Fruit infusion and abv%

Information about fruit/vegetable type washes.

Moderator: Site Moderator

Post Reply
aarons8181
Novice
Posts: 25
Joined: Wed Sep 04, 2019 7:55 am

Fruit infusion and abv%

Post by aarons8181 »

If make a spirit and then infuse ex: blueberrys will the infusion reduce the abv% same as if where diluting with water?
User avatar
NZChris
Master of Distillation
Posts: 13125
Joined: Tue Apr 23, 2013 2:42 am
Location: New Zealand

Re: Fruit infusion and abv%

Post by NZChris »

It will be diluted by the amount of water present in the fruit.
aarons8181
Novice
Posts: 25
Joined: Wed Sep 04, 2019 7:55 am

Re: Fruit infusion and abv%

Post by aarons8181 »

Thanks,so the sugar in the fruit will have no change on the abv%?
User avatar
NZChris
Master of Distillation
Posts: 13125
Joined: Tue Apr 23, 2013 2:42 am
Location: New Zealand

Re: Fruit infusion and abv%

Post by NZChris »

I hadn't thought of that :D

How accurate do you want? I calculate using averages for the fruit that I get off the net. Near enough is good enough in my shed.
aarons8181
Novice
Posts: 25
Joined: Wed Sep 04, 2019 7:55 am

Re: Fruit infusion and abv%

Post by aarons8181 »

Sounds good to me am like you not looking for perfect just ex: if have 80 proof after fruit infusion would not want to lose say more 5 or 10 proof off it.hope understand what I mean thanks so much for your time and help..
User avatar
NZChris
Master of Distillation
Posts: 13125
Joined: Tue Apr 23, 2013 2:42 am
Location: New Zealand

Re: Fruit infusion and abv%

Post by NZChris »

I haven't bothered since my parents passed on because now none of us drink liqueurs, but I when I did, I used to calculate how much sugar and water was in the fruit, then calculate how much alcohol and sugar I had to use to arrive at %s they liked in the final product. They got the liqueur and we ate the fruit on ice cream.
aarons8181
Novice
Posts: 25
Joined: Wed Sep 04, 2019 7:55 am

Re: Fruit infusion and abv%

Post by aarons8181 »

Awesome and sorry for your loss.
cayars
Distiller
Posts: 1687
Joined: Fri Aug 23, 2019 8:08 am

Re: Fruit infusion and abv%

Post by cayars »

aarons8181 wrote: Sat Sep 21, 2019 6:27 pm Thanks,so the sugar in the fruit will have no change on the abv%?
Not in the way you might think. You aren't fermenting so the sugar won't become more alcohol. It's just more volume same as water.

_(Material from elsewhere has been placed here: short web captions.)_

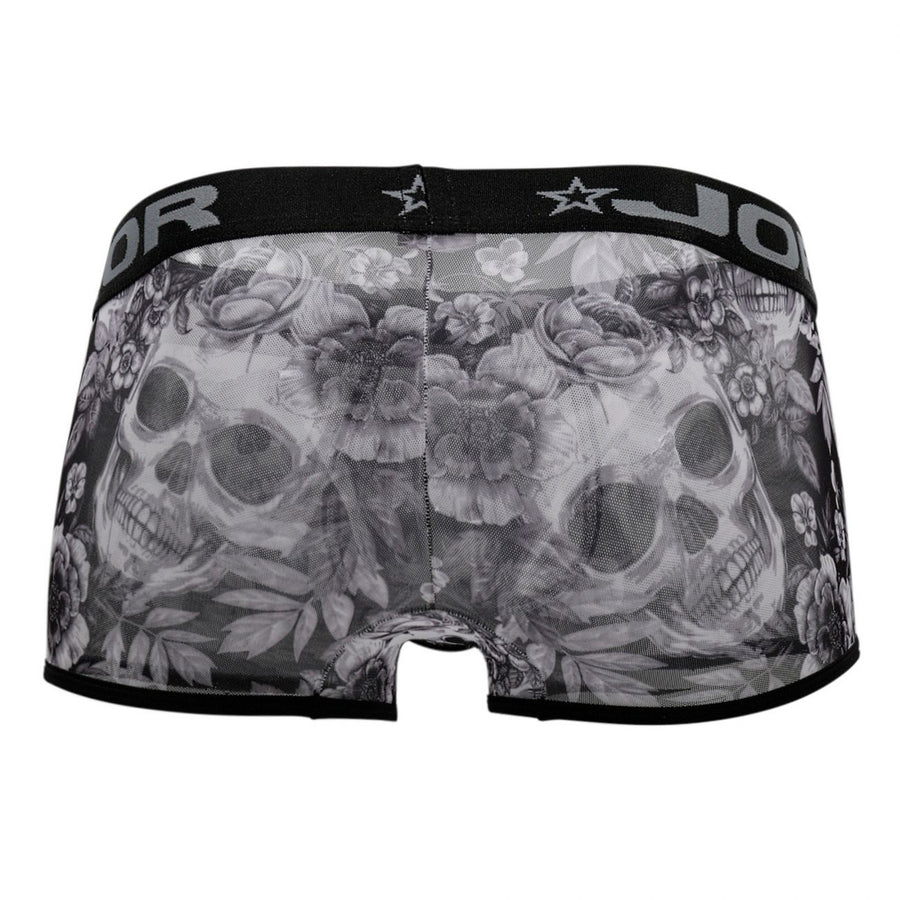 Skull Boxer Briefs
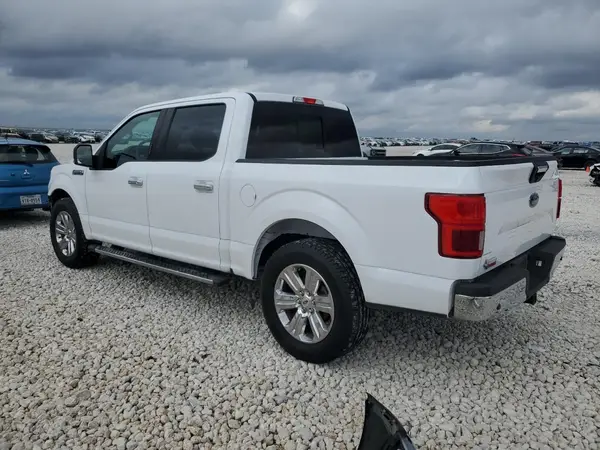 1FTEW1C59LKF16500 2020 FORD F-150 - Image 2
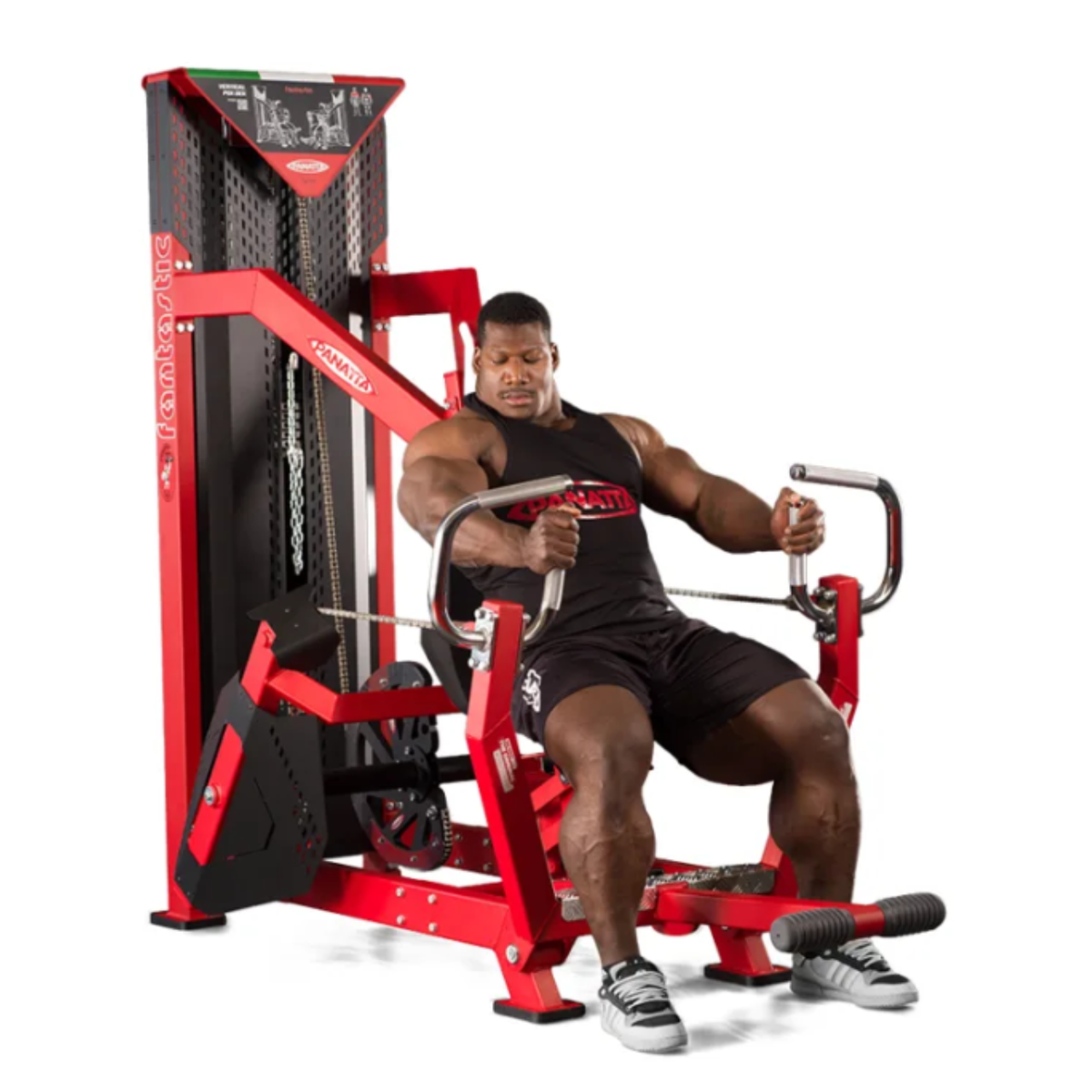 NEW Panatta Fantastic Vertical Pek Dek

Obviously you can't use a proof and traille hydrometer to measure infusions so you have to use math. Just measure the ABV/proof of the alcohol you use for the infusion and your volume of alcohol used.

So for example if you were making a limoncello and used 1000 Ml of 150 proof (75 ABV) spirit, marinated your lemon skins, added a couple of cups of simple sugar syrup (heated water and sugar mixed) then after tasting added a bit of lemon juice and some distilled water to tone the alcohol content down as well as boost the lemon flavor you would have no idea what your proof is anymore, BUT...

You know you started with 1000 ML of 150 proof alcohol and you know what your final concoction volume is. So lets assume you end up with 2500 ML of finished product. 1000 ML of 2500 ML was 150 proof while 1500 ML of the 2500 ML had zero proof. So:
1000*150/2500=60 Proof (30%).

That will always put you in the ballpark assuming your jars are airtight and the angels don't get a share. :) It obviously assumes your fruit isn't sucking up your alcohol either which isn't a problem with citrus zest. If you soak whole apples or other fruits that absorb your alcohol (stop doing that) or just note how much you have left after removing the fruit and adjust your starting alcohol volume.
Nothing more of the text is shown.